This is my coming out party!
It's been a very long and very short five days. I know that makes no sense, something can't be long and short at the same time. It's like I've got two me's each pulling in a different direction, the "Yeah! I'm a non-smoker me" and the "Nicotine addict me". So yeah I actually have two perspectives on what the last five days have been like.
Yeah! I'm a non-smoker:
It feels great not to be a slave to the nicotine. My clothes, breath, car, and everything else I touch doesn't stink anymore. I love looking at my bank account now. In fact I check it several times a day. For one I don't see lots of "little" charges everyday for a pack of cigarettes. The other nice part is I actually have money in my account; I might not have to completely scrape by this month. I wish I could say I feel healthier, but I've been sick for the past week, and I think I have the quitting cough now too. I am also getting so much more work done around the house now that I don't have to constantly stop to smoke.

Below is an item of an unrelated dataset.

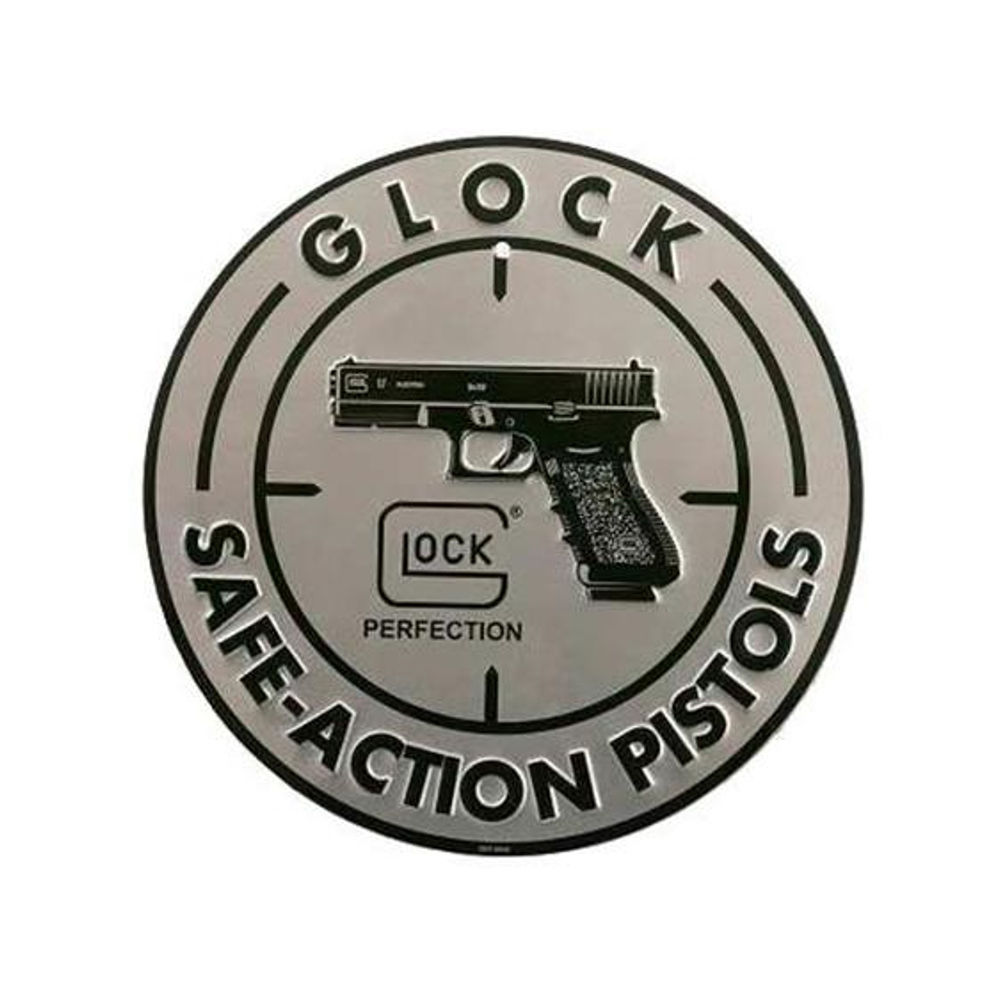 GLOCK OEM SAFE ACTION SIGN ALUM - for sale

Day one was no problem, it almost never is. In fact day two went pretty well also. It was day three when I started feeling like a junkie who needs their fix. Everything reminded me of a cigarette, Everything. For the past few days I've been between feelings of agitation and melancholy. I keep trying to remind myself of all the good things, but the addict needs it's fix.

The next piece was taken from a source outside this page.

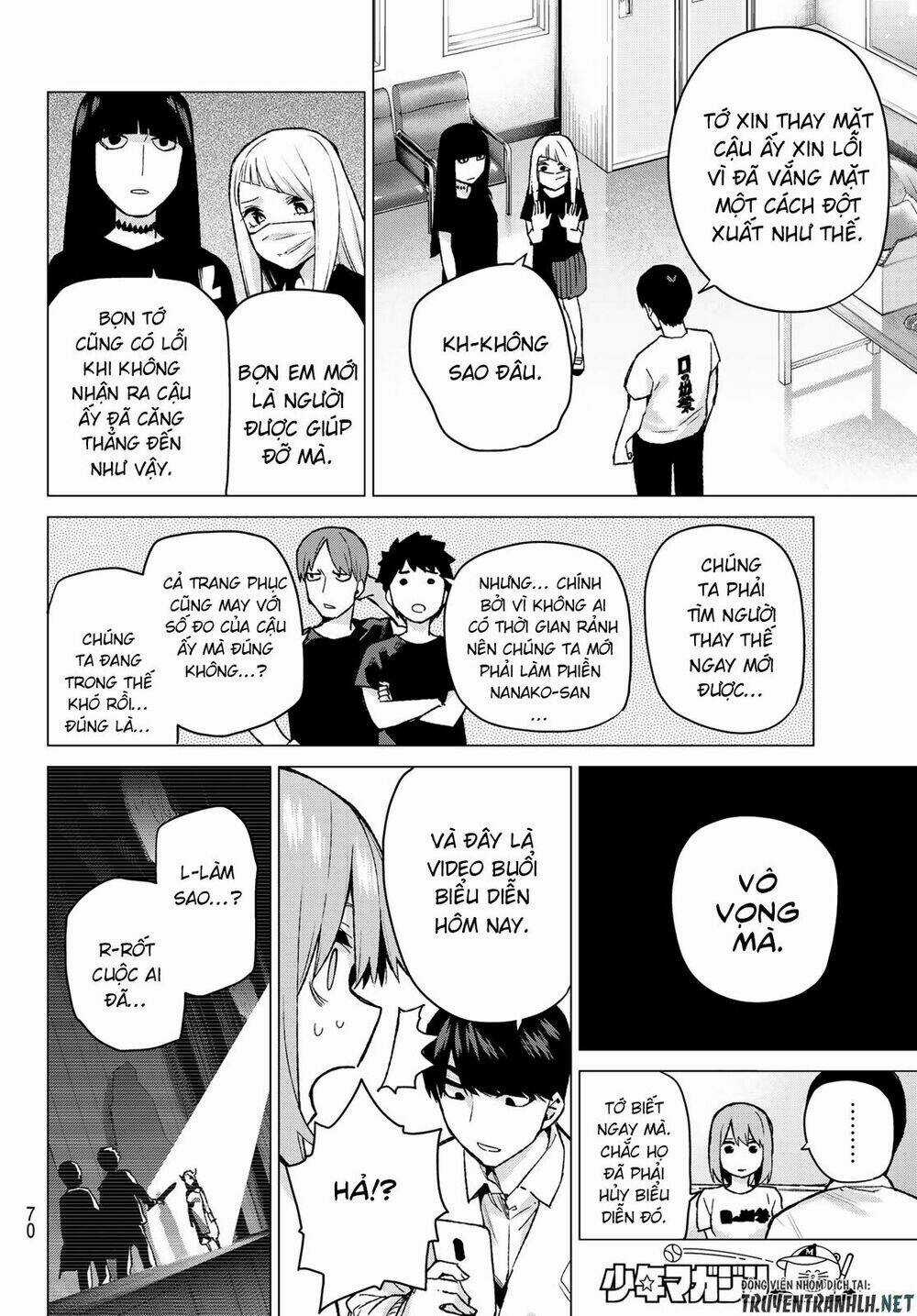 The Five Wedded Brides Chapter 108 trang 6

Either my family hasn't noticed or they're just not talking about it. I don't want to bring it up for fear of jinxing myself. I've been trying to stay busy, to keep the "nicotine addict" at bay. I must admit that even just writing about not smoking, makes me want to smoke. Thankfully my husband is quitting with me. We don't talk about it, but it helps to know that we're in it together.
I must admit being a non-smoker has had it's ups and downs, but I think I'm going to enjoy this life style.